What Biogen Wants in Return for Financial Assistance of Its $750,000 a Year Drug

What Biogen Wants in Return for Financial Assistance of Its $750,000 a Year Drug June 12, 2017
By Mark Terry, BioSpace.com Breaking News Staff

At the beginning of the year, the U.S. Food and Drug Administration (FDA) approved Biogen ’s Spinraza (nusinersen) for the ultra-rare disease spinal muscular atrophy (SMA). The drug comes with a controversial price tag of $750,000.

The Washington Post takes a look at the complex issues behind sky-high prices for rare disease drug.

SMA is a rare, autosomal recessive neuromuscular disease characterized by the degeneration of alpha motor neurons in the spinal cord. This results in progressive muscle weakness and paralysis. According to the Orphanet Journal of Rare Diseases, the estimated incidence is 1 in 6,000 to 1 in 10,000 live births.

Patients receive six injections of Spinraza in the first year at about $125,000 per shot. The following years require about three shots annually. Biogen launched SMA360, which, as it describes, “provides certain services that address nonmedical barriers to access in the U.S. These include logistical assistance, product education, insurance benefits investigations and financial assistance.”

As The Washington Post notes, “Such programs have real benefits for families, but the alliance between drug companies and patients is a complex one that can make ethicists and health-policy specialists uneasy. In the rare disease space, where patients battle conditions many people have never heard of, patients depend critically on companies to develop treatment. But when diseases are rare and drug prices are sky-high, each individual patient becomes valuable to the company financially.”

What tends to make people who spend much time thinking on the issue (as opposed to general outrage over the high prices) relates to a blatant acknowledgement that a significant motivation for drug companies is the money. Brian O’Sullivan, a physician who is a cystic fibrosis specialist—another high-priced treatment, generally—tells the Post, “I know the ulterior motive is not just to get the patient the medicine. I’d like to think that’s a big piece of it, but there’s no question this is a moneymaking proposition” for the pharmaceutical companies.

And the access programs, while helping patients, also help the companies make money. Patient copays barely touch the cost of these drugs, so much of it is paid by insurance companies, who pass the expenses onto everyone else through higher premiums. Pharmaceutical companies benefit, as do patients, but society, in general, pays. It should be noted, however, that one way or the other, society will pay, either to pay for the drug, or for the expensive and intense healthcare required for these children.
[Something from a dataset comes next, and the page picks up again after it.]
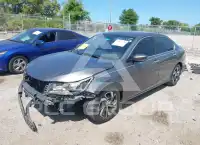 2017 Honda Accord фото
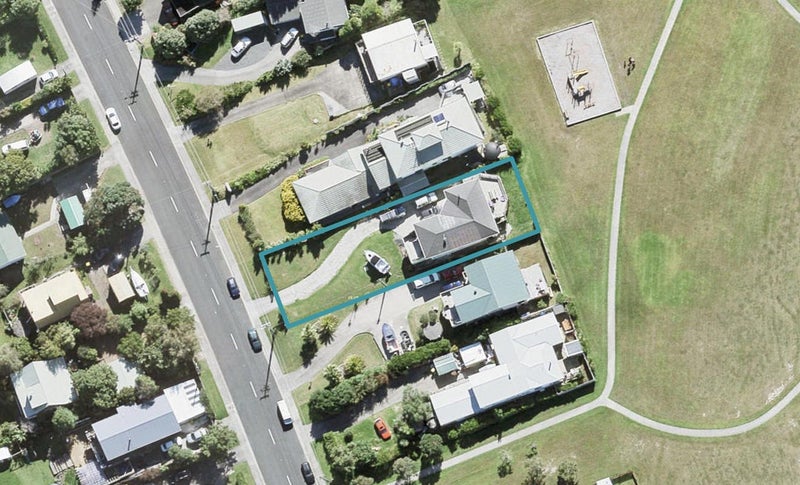 12 Shakespear Road, Army Bay, Whangaparaoa - Carousel 1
“The best thing you can say for them is they’re plugging a hole the drug company created themselves with outrageous pricing,” Ezekiel Emanuel, chairman of the department of medical ethics and health policy at the University of Pennsylvania, told the Post. “It’s a Band-Aid.”

It’s difficult to say how controversial another component of Biogen’s program is to patients. It asks patients to sign a privacy authorization that provides the company access to the patients’ health information for a decade. Not only can the data be used for patient support, but also, Biogen states, for “market research and other internal business activities.” It is an optional program, but health policy experts question the marketing provision.

“These drugs are necessary to someone’s health and well-being, perhaps to someone’s life,” Bonnie Kaplan, a bioethicist at the Yale Interdisciplinary Center for Bioethics, told the Post. “Almost no one can afford them at these prices, so people who need these drugs have little choice. Their consent really cannot be given freely.”

Consent and privacy may be the last thing parents are concerned about when facing a debilitating, life-threatening disease such as SMA. Biogen argues that the information is used to assist families in getting coverage, and sharing that information with advocacy groups also helps them stay close to the SMA community.

One suspects a bigger concern is that some insurance companies have put limits on coverage. Anthem (ANTM) and Humana have only committed to reimbursing patients with the most severe type of the disease, Type 1. UnitedHealth Group (UNH) has agreed to cover Type 1, 2 and 3 patients.

On June 8, Anthem made changes to its policy regarding Spinraza, opening the treatment for children younger than 21 months old. Previous policy only approved treatment to babies six months or younger with symptoms.